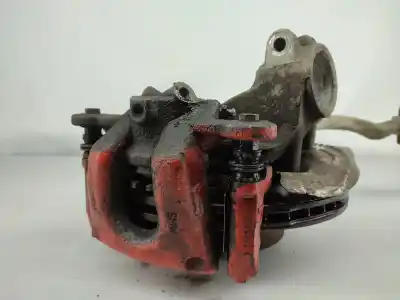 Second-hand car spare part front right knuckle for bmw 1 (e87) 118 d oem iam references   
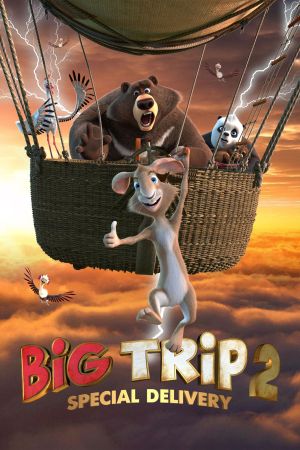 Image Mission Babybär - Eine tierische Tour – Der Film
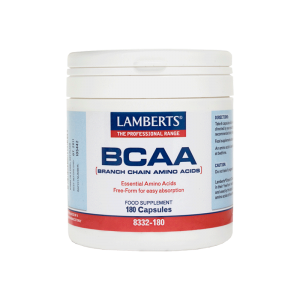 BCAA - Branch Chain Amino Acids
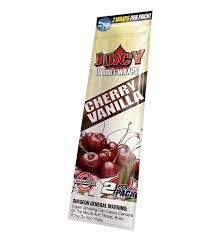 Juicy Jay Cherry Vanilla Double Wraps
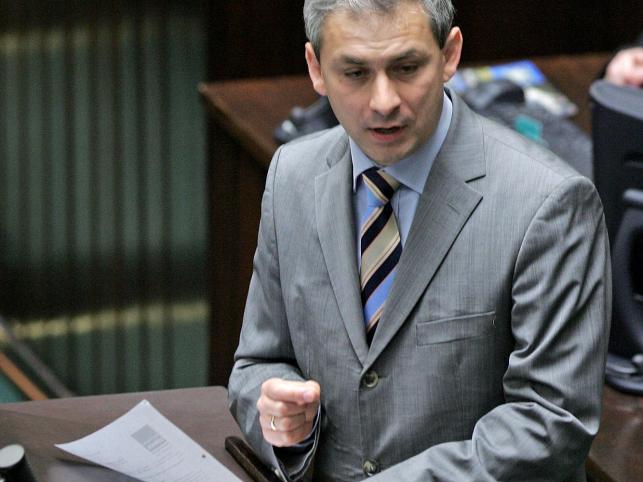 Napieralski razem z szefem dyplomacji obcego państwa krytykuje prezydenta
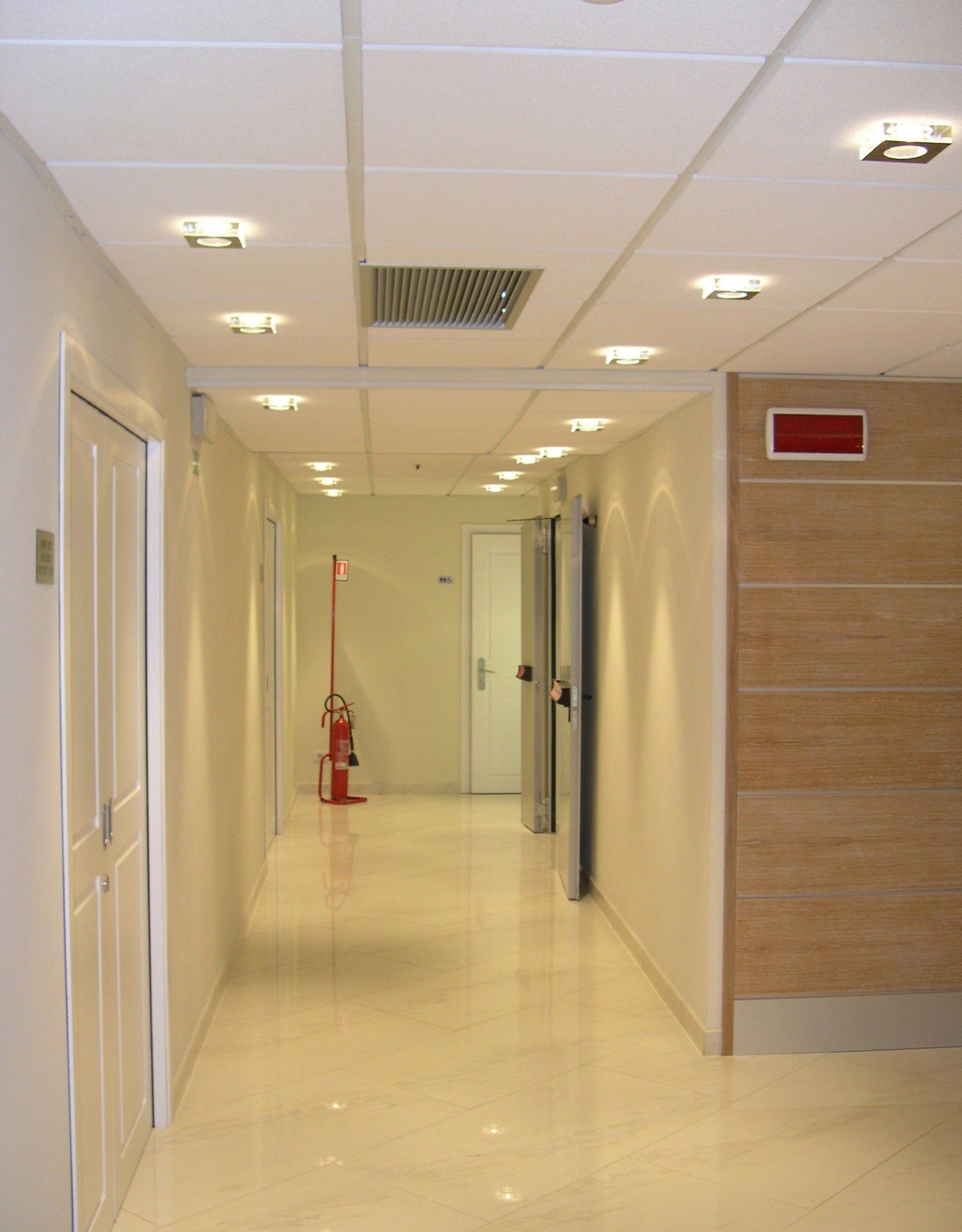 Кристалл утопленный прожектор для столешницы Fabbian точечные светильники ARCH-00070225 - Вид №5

════════════════

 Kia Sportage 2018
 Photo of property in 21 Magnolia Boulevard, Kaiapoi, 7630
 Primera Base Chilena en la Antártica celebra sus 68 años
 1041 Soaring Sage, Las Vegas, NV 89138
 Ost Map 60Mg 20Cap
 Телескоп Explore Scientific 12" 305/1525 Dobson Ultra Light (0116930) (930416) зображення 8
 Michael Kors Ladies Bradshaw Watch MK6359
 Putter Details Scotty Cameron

════════════════

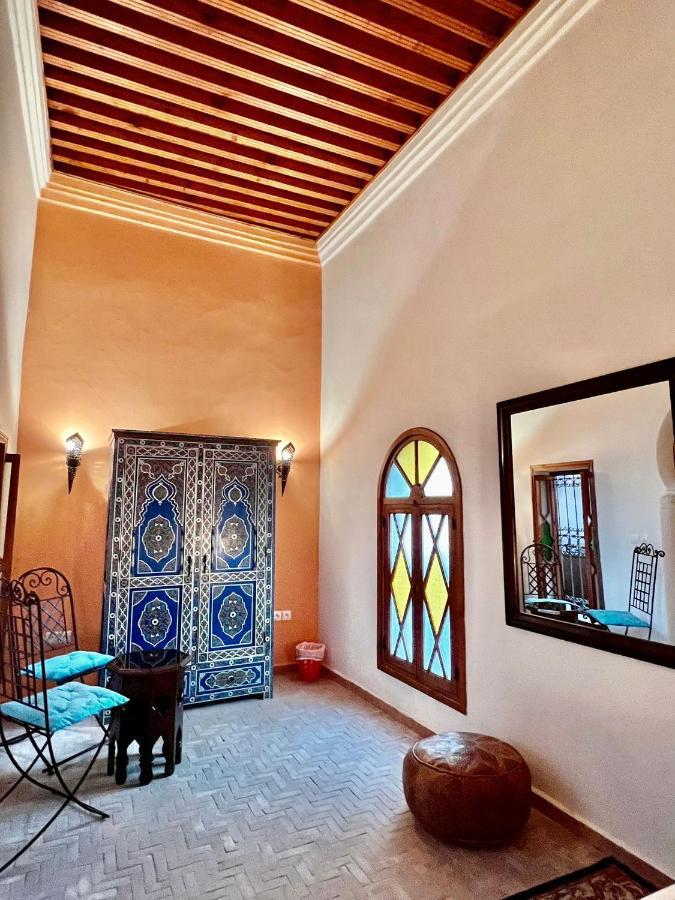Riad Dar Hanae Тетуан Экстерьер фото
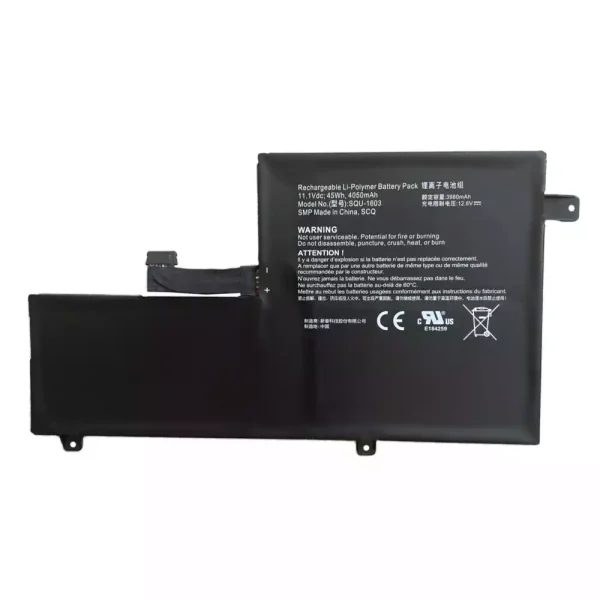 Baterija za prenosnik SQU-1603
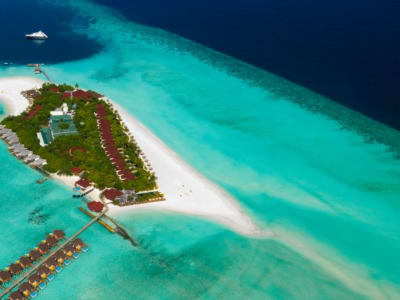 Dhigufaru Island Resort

════════════════

- Exercise description: Extract the part of the records that opens with the line containing "Baterija za prenosnik SQU-1603" and closes with the line containing "Dhigufaru Island Resort". Take only those lines, exactly, and no pictures.

- Solution:
 Baterija za prenosnik SQU-1603
 Dhigufaru Island Resort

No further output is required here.